Your answer must be exactly the lines from the one containing "Podotheca gnaphalioides" through the end of the material, both ends included, without pictures.

◆ Provided information
■ ■ ■ ■ ■

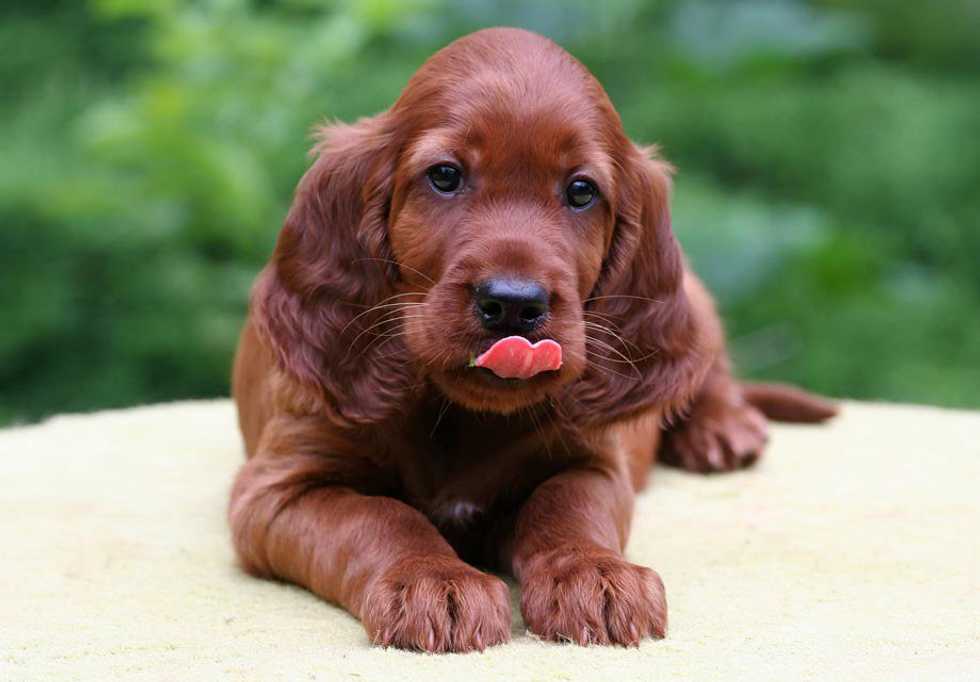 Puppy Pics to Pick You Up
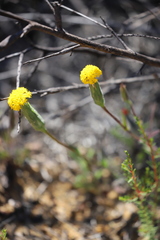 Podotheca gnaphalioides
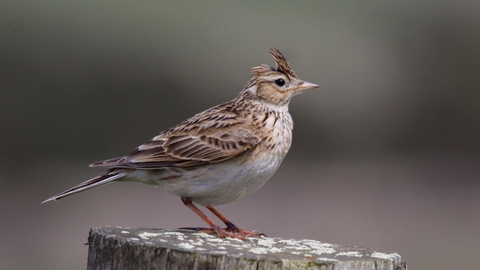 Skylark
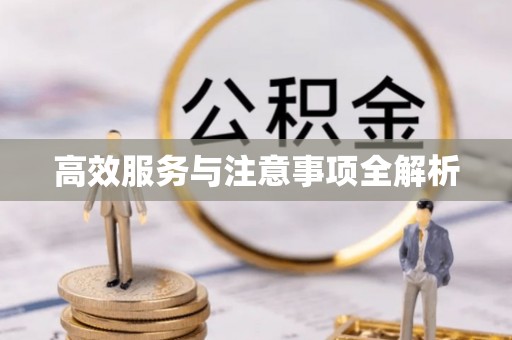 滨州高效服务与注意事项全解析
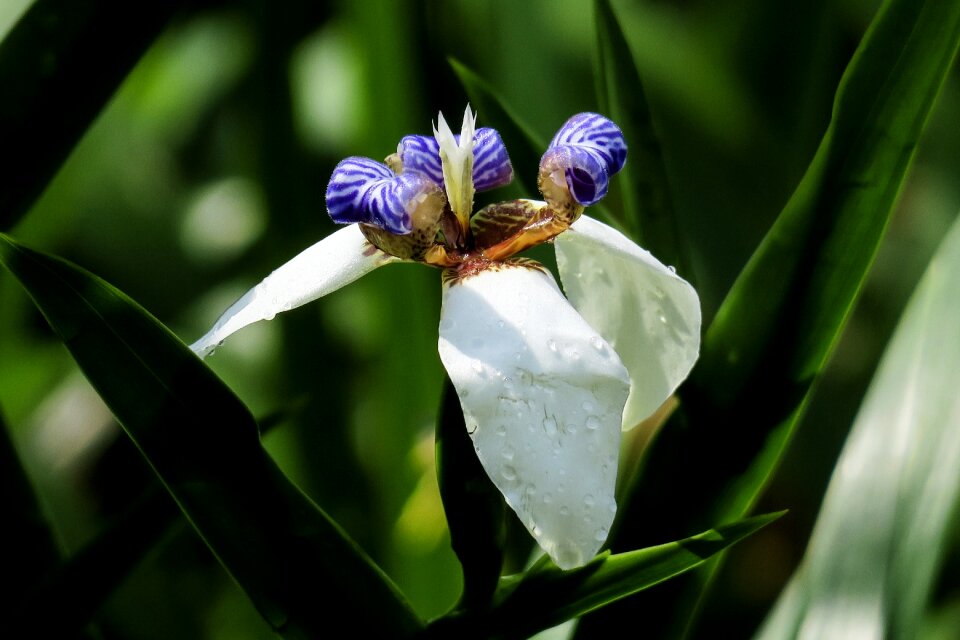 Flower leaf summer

■ ■ ■ ■ ■

◆ Answer to this exercise
 Podotheca gnaphalioides
 Skylark
 滨州高效服务与注意事项全解析
 Flower leaf summer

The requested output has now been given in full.